Is there such a thing as “heightism” in the industry? “They haven’t said it, but let’s be clear I would never have been on the list for James Bond, so I’m not labouring under that misapprehension.”
But what about Tom Cruise, his co-star in 2008 Second World War drama Valkyrie and last year’s Mission: Impossible instalment, who comes in under 5ft 6in and gets to play the originally 6ft 4in Jack Reacher? The question has Hollander reaching for his phone.
“It’s a private photo” he says, changing his mind. “We’re standing next to each other and he’s a good two or three inches taller. With Valkyrie, I was excited at meeting this short superstar and was horribly disappointed to discover he was perfectly average.”
If there has been a change in perception about Hollander it’s largely thanks to three series of Rev, which won him a Royal Television Award in 2011, and which still has people stopping him in the street. “If I wear my hi-vis cycling jacket they do,” he says, referring to his character’s signature look. “So I wear a dark one. Not that I mind it. The fact that people love that show is a truly marvellous thing.”
Hollander seems to have swayed between declaring himself an atheist and saying that he believes in some greater power – did the show change his attitude to religion? “Well, yes, sure. And it opened a whole world of possibility ... not one that I’ve embraced particularly. I can now see why other people have faith, that’s for sure.
“We have a very disabled person in our family who is cared for by someone who lives a life most other people would find impossible, and her faith is making it a joy for her. And you can’t argue with that. I mean you can, but it’s fruitless.”
Drama wasn’t Hollander’s first vocation: born to teacher parents, he won a music scholarship to Cambridge while his sister, Julia, went on to become English National Opera’s youngest ever female director. He joined the Footlights club at Cambridge and caught the acting bug; his friend, Sam Mendes, directed him in several productions, including a Cyrano de Bergerac that co-starred Nick Clegg.
His career got going in the Nineties with a run of theatre successes and he has the most nominations (four times, winning once) for the Ian Charleson Award for best classical stage performance by an actor under 30.
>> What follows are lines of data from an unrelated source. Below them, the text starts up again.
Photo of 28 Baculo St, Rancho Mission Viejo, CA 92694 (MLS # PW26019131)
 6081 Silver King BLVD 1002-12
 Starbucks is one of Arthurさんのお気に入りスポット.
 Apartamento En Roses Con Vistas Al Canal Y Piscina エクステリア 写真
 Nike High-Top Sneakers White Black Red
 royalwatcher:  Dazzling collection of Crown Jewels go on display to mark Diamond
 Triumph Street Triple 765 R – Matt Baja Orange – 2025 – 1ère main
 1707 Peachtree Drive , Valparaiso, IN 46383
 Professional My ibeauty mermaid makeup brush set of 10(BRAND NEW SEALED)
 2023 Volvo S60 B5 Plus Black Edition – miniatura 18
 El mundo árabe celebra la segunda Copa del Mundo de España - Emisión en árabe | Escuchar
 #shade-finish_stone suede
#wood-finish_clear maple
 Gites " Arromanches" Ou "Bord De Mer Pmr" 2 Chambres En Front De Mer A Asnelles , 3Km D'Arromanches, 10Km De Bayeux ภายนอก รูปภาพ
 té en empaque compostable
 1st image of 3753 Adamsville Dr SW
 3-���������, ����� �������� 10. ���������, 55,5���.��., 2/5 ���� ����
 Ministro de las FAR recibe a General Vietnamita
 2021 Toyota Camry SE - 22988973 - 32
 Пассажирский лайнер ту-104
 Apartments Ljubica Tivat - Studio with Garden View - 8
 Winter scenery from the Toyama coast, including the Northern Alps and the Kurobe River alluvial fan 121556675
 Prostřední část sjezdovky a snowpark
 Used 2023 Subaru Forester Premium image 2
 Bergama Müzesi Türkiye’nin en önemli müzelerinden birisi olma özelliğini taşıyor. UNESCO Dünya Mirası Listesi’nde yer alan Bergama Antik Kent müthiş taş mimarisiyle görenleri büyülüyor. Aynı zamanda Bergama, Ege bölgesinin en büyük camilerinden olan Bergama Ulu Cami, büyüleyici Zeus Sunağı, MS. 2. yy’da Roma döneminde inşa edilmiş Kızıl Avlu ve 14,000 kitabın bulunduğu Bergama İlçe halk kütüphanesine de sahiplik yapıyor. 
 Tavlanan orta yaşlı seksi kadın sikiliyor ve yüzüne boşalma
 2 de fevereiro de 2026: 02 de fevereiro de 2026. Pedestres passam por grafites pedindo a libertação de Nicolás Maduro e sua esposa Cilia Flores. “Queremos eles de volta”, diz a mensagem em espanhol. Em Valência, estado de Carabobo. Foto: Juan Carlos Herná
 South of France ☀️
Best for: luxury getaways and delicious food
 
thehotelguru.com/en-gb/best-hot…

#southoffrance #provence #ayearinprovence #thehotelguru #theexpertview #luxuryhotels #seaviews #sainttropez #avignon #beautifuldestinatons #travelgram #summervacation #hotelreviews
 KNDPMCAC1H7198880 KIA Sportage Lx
His big screen breakthrough came in 2001 with Robert Altman’s Gosford Park, scripted by Julian Fellowes of later Downton Abbey glory, and Hollander has been reunited with Fellowes in the writer’s first post-Downton project, a three-part adaptation of Anthony Trollope’s Doctor Thorne, in which Hollander takes the title role of the country physician who tries to do right by his niece.
“I loved playing it because I have not been asked to just be straight like that,” he says. “Corcoran in The Night Manager is more familiar ... a quirky character part. Rev is the lead but he’s not a straight lead because it’s a comedy, so for me Thorne was as exciting as other actors would feel about being cast as Mad Max.”
Hollander also plays a doctor in the a long-in-the-works film adaptation of Tulip Fever, Deborah Moggach’s novel set in 17th-century Holland (“A dodgy doctor, unlike Doctor Thorne, who is very undodgy.”)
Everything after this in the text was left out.